In this case, a company (Wulguru) entered into a deed under which it assumed joint liability for obligations owed by its director to a third party. Wulguru also granted a mortgage in favour of the third party to secure performance of the assumed liability.
Wulguru was later wound up in insolvency and the liquidators applied to the courts to set aside the deed and mortgage on the basis that they were unreasonable director-related transactions within the meaning of s 588FDA(1)(b) of the Corporations Act.
Section 588FDA(1)(b)(iii) provides that a transaction is an unreasonable director-related transaction if a payment, conveyance or disposition of property of a company is made by the company to a person on behalf of, or for the benefit of, a director of the company.
The only issues were whether the deed and the mortgage were made:
- on behalf of the director, because they were executed on his instructions; or
- for the director’s benefit, because they had the benefit of relieving the director of his obligations to the third party.
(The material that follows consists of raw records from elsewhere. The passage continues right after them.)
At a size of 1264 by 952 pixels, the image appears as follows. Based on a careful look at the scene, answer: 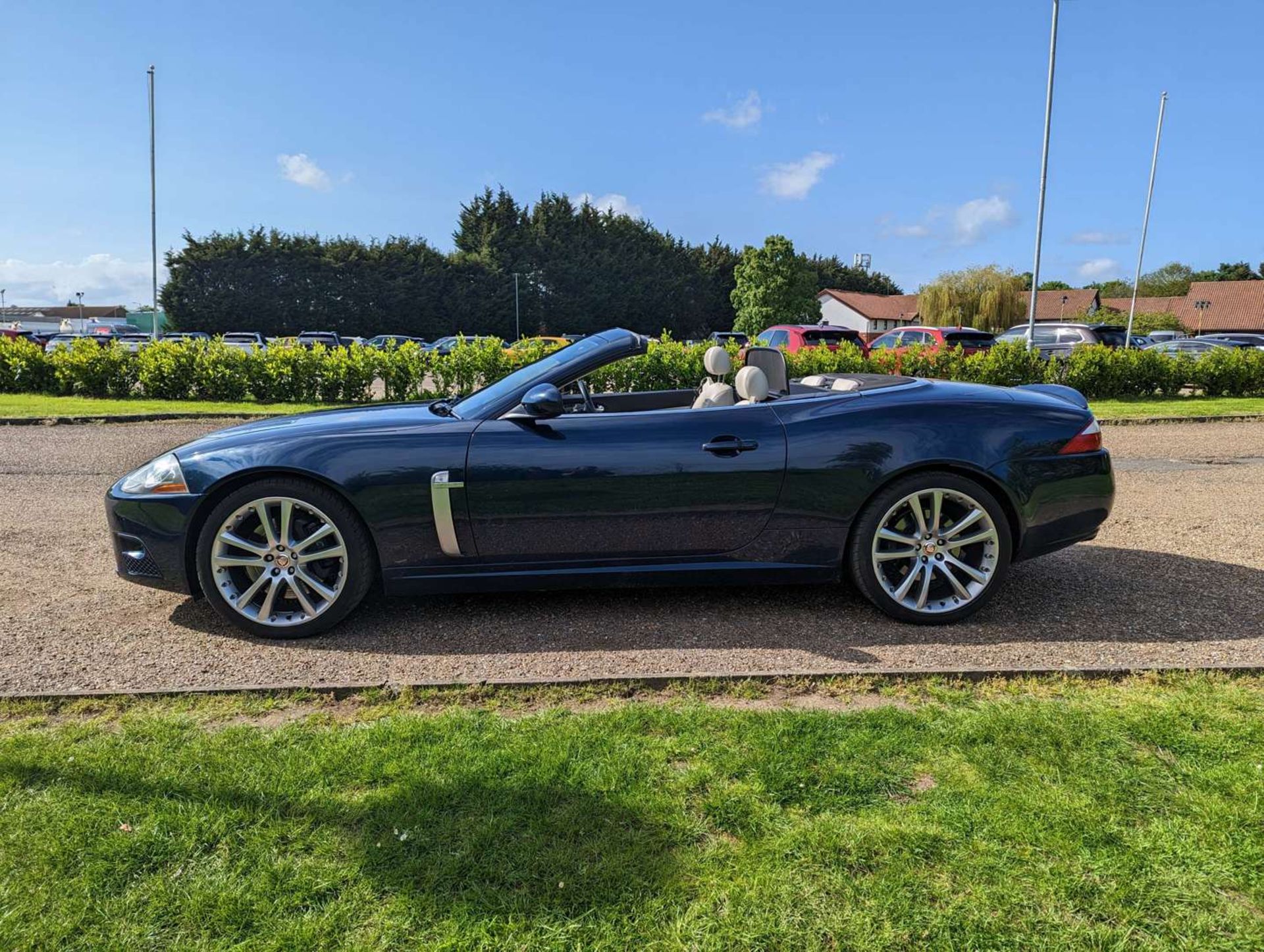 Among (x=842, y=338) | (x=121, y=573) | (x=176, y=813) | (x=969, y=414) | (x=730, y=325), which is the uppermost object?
(x=730, y=325)

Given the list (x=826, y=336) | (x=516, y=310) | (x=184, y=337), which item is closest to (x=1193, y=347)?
(x=826, y=336)

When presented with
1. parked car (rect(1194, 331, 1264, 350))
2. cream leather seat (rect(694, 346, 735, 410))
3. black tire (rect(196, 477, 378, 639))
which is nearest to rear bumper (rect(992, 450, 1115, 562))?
cream leather seat (rect(694, 346, 735, 410))

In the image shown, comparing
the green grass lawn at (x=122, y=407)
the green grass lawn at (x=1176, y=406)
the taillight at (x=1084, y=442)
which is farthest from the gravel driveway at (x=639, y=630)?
the green grass lawn at (x=1176, y=406)

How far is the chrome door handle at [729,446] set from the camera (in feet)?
12.4

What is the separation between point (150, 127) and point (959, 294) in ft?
142

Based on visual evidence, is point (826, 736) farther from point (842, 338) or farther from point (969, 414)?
point (842, 338)

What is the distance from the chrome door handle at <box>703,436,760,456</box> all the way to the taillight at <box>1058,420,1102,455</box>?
156cm

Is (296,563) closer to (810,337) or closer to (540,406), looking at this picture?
(540,406)

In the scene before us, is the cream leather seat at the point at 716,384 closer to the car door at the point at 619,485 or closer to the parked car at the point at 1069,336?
the car door at the point at 619,485

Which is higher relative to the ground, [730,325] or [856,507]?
[730,325]

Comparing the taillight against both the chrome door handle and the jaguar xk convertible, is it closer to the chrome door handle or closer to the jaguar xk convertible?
the jaguar xk convertible

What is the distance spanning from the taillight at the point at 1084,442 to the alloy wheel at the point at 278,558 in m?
3.52

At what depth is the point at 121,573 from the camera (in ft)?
12.6

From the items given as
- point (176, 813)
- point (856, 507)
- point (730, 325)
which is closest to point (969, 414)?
point (856, 507) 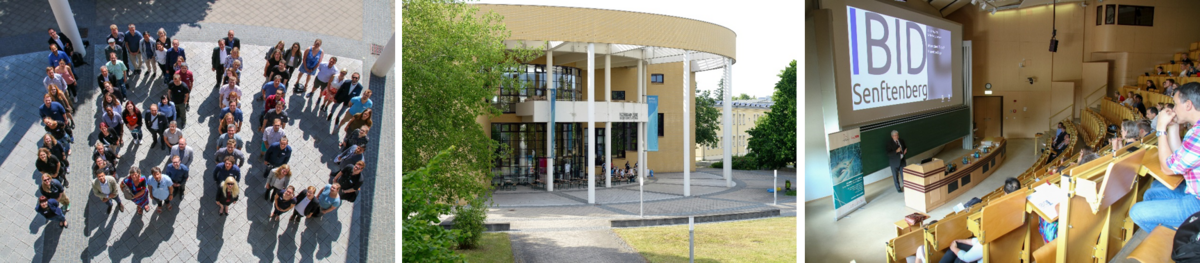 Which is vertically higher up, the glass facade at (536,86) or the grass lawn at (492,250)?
the glass facade at (536,86)

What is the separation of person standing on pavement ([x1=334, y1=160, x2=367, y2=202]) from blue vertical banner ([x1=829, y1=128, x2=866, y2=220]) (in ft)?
11.5

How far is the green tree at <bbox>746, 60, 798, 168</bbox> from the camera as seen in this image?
62.8ft

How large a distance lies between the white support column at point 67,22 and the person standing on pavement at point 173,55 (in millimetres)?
509

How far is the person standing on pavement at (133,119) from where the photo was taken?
388 cm

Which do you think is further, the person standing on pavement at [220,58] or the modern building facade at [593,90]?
the modern building facade at [593,90]

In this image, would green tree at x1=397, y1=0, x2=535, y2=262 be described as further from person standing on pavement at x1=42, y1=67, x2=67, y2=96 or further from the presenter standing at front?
the presenter standing at front

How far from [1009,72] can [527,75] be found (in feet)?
38.6

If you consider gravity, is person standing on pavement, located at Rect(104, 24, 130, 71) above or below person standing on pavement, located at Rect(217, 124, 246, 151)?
above

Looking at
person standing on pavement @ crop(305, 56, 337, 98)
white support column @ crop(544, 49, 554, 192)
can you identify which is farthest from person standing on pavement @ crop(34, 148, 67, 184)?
white support column @ crop(544, 49, 554, 192)

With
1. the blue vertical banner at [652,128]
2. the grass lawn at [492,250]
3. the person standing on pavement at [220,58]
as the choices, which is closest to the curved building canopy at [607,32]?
the blue vertical banner at [652,128]

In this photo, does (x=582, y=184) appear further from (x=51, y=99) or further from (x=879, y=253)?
(x=51, y=99)

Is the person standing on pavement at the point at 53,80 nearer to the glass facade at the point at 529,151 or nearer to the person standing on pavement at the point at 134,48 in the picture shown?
the person standing on pavement at the point at 134,48

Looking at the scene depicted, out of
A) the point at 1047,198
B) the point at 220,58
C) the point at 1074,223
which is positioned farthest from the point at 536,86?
the point at 1074,223

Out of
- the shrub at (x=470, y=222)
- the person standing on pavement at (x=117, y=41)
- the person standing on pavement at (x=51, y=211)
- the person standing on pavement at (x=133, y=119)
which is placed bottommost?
the shrub at (x=470, y=222) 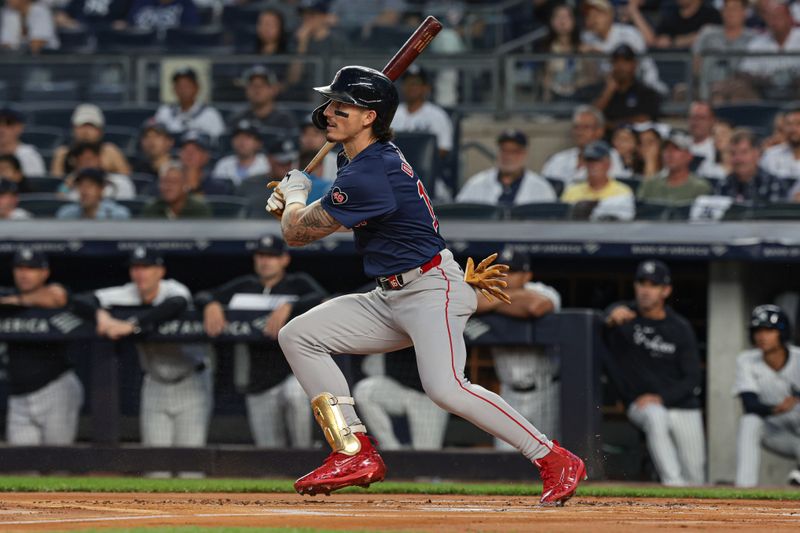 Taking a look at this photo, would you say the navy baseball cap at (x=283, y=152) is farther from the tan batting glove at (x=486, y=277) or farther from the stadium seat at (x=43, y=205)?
the tan batting glove at (x=486, y=277)

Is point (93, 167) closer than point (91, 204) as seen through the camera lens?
No

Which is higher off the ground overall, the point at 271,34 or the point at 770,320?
the point at 271,34

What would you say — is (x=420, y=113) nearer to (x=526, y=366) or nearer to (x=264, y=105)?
(x=264, y=105)

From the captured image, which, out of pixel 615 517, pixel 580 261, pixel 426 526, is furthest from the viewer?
pixel 580 261

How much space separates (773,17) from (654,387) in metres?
3.44

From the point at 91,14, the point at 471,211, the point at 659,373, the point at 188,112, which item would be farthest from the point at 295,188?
the point at 91,14

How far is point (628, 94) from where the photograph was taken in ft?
32.3

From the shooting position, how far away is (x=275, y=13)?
36.8ft

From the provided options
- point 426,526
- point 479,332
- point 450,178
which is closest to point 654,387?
point 479,332

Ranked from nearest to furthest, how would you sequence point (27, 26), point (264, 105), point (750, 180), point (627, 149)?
point (750, 180)
point (627, 149)
point (264, 105)
point (27, 26)

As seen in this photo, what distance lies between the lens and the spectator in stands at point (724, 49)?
9.69 m

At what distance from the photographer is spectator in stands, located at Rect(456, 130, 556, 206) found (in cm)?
928

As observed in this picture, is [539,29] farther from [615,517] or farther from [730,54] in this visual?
[615,517]

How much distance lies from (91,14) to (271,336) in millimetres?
5959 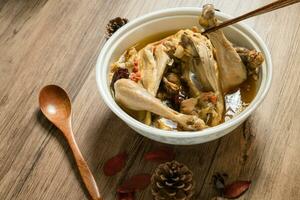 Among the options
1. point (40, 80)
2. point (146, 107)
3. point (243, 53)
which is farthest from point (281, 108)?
point (40, 80)

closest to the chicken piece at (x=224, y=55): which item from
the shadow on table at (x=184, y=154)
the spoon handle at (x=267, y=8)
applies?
the spoon handle at (x=267, y=8)

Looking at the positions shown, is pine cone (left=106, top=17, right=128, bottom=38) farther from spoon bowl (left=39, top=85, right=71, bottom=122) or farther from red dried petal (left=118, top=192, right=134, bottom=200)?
red dried petal (left=118, top=192, right=134, bottom=200)

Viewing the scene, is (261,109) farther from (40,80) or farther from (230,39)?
(40,80)

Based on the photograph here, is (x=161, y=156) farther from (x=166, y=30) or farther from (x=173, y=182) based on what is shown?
(x=166, y=30)

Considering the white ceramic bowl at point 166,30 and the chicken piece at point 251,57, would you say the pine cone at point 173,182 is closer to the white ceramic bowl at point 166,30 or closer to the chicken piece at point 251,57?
the white ceramic bowl at point 166,30

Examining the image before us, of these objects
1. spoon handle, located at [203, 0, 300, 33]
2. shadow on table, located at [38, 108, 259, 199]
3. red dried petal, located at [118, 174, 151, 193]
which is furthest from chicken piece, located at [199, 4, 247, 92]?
red dried petal, located at [118, 174, 151, 193]

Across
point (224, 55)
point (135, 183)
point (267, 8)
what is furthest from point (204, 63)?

Courts have previously held that a transaction will only be considered to be made “for the benefit of” a director where the benefit is a direct one, rather than an indirect or derivative benefit. For example, in Re Great Wall Resources Pty Ltd (in liq)  NSWSC 354, Brereton J held that a benefit to a company of which the director is a shareholder is not a benefit within the meaning of s 588FDA.
At first instance, the Victorian Supreme Court found that the transaction was not “on behalf of, or for the benefit of” the director. The fact that the transaction may be in the financial interest of the director was not enough.
The Court of Appeal overturned the decision of the Supreme Court at first instance and ordered that the deed and mortgage be declared void.
The Court rejected the argument that the deed and the mortgage were made “on behalf of” the director because they were executed on his instructions. Something more is required. A disposition to a person “on behalf of a director” connotes a disposition which is of some benefit to the director.
The decision turned on the interpretation of the phrase “for the benefit of” within s 588FDA. The Court found there was a direct benefit – the director obtained a covenant not to sue from the third party. This distinguishes this case from the line of authority considering indirect shareholder benefits.
The Court went on to consider and reject the “direct benefit” notion in any event. It held that if a director channels benefits from a company under his charge to another company in which he is financially interested, that results in a benefit to the director within the meaning of s 588FDA. In other words, a benefit to a company in which the director is a shareholder will be a relevant benefit.
This decision has the potential to significantly broaden the scope of section 588FDA of the Corporations Act. Liquidators can now use this provision to attack transactions by directors to other entities in which the director has a financial interest.